▶ _AIM OF THE EXERCISE_
Retype the tail of the data exactly, starting at the line containing "کلینیک تخصصی جراحی پلک ایرانیان در تهران" and stopping at the last line.

▶ _SUPPLIED INFORMATION_
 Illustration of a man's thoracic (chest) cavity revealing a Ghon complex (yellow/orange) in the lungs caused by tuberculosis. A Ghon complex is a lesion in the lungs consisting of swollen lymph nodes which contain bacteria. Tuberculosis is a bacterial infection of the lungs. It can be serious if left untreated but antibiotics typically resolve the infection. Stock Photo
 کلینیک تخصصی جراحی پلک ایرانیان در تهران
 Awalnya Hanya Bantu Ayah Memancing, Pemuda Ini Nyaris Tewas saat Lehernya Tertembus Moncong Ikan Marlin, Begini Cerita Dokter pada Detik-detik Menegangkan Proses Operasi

▶ _YOUR RESPONSE_
 کلینیک تخصصی جراحی پلک ایرانیان در تهران
 Awalnya Hanya Bantu Ayah Memancing, Pemuda Ini Nyaris Tewas saat Lehernya Tertembus Moncong Ikan Marlin, Begini Cerita Dokter pada Detik-detik Menegangkan Proses Operasi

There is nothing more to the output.